Basia Solarz has created and implemented an impressive transformative mediation program at the Health Authority in Nova Scotia. Here's her description of how she did it.
I work as a Conflict Transformation Specialist for Capital District Health Authority in Nova Scotia, Canada. In this role, I provide mediation, individual and group conflict coaching, and education & training services to the 12,000 people working in our organization. My colleagues in the Healthy Workplace Department created the Workplace Conflict Resolution Program (WCRP) in response to the results of an employee survey and abundant anecdotal evidence, which made it clear that unproductive conflict was having negative impacts on employees and patient care.
The primary purpose of the program is to support the development of conflict competence. Although the hiring committee was not familiar with transformative mediation before my interview, they became intrigued by its emphasis on party self-determination and the mediator’s non-directive approach. Seeing transformative mediation in action during the interview’s simulated mediation demonstrated the strong connection between supporting party self-determination and the promotion of conflict competence.

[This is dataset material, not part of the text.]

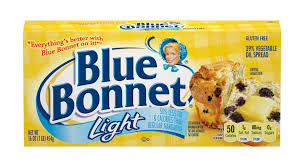 Blue Bonnet Light 39 Vegetable Oil Spread Sticks 16 Oz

The focus on supporting party self-determination has indeed been transformative, both for the individuals involved as well as our organization. When people are supported to overcome their interactional crisis, they become more comfortable dealing with conflict and are more willing to do so in the future. They are also less likely to allow uncivil behaviours to go unchecked, which has contributed to a more constructive workplace culture.
Research is being conducted to evaluate the effectiveness of the program and the preliminary results are promising. Staff and physicians are reporting that they feel better able to work through conflict as a result of transformative mediation and/or coaching. Anecdotal evidence is also encouraging. For example, employees who have been out of work on short-term illness leave (STI) due to conflict-related stress are now offered mediation and/or conflict coaching before going back to work so that they can return more quickly and feel better equipped to handle workplace conflict. In several cases, employees who were considering going out on STI and who participated in the program opted to stay at work instead. Critical projects which had been sidelined by conflict were able to get back on track following mediation. Very importantly, employees who are no longer preoccupied by conflict have been better able to offer timely and accurate delivery of treatments and medications to patients. Although the program was initially funded for one year under a grant, these kinds of successful outcomes contributed to the organization’s adoption of the WCRP program as a permanent program within the organization.

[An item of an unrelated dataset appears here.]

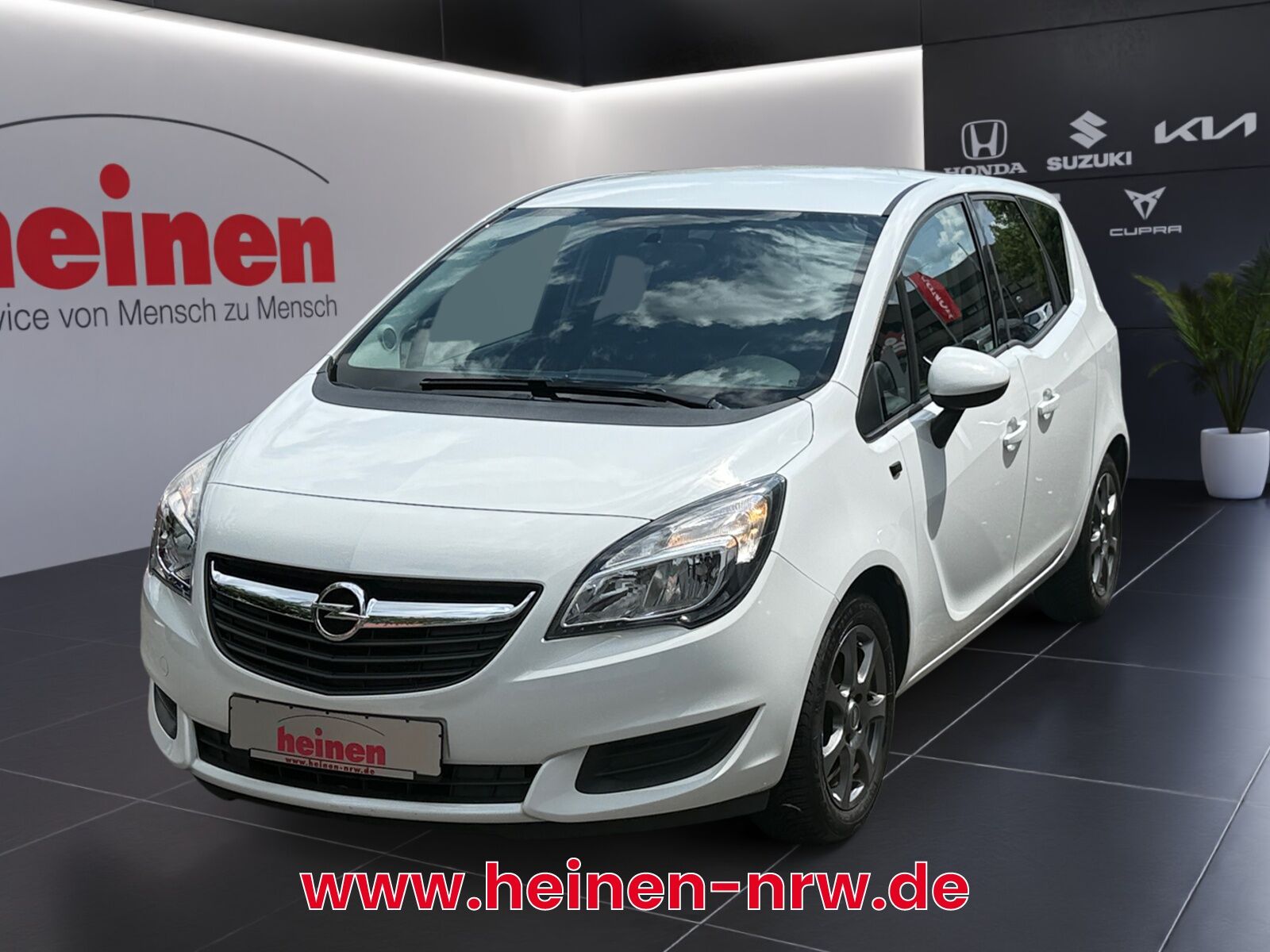 Opel Meriva B 1.4 Edition LEDERLENKRAD TEMPOMAT PDC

Last year, the program received a “Quality Worklife, Quality Healthcare” Award from the Health Association of Nova Scotia in recognition of its innovation and success in fostering a healthy workplace. From my perspective as a transformative mediator, the reason for its success is both its design and the fact that the services are offered in a manner which is congruent with the transformative framework.
The design combines the "strategic approach" with alternative dispute resolution practices and to our knowledge, this is the first time that these two leading-edge practices have been combined in a health care setting. The "strategic approach" includes coaching to help people work through conflict, enhance their own skills, and support better working relationships. As many readers of this blog will know, alternative dispute resolution uses tools and techniques like mediation and facilitation, to keep responsibility for resolving the conflict in the hands of the parties.
Workshops and conflict coaching groups help staff to develop their conflict resolution skills alongside their colleagues, which creates a "ripple effect" of learning throughout the organization. Participants tell us this fosters in-the-moment peer support when conflicts arise.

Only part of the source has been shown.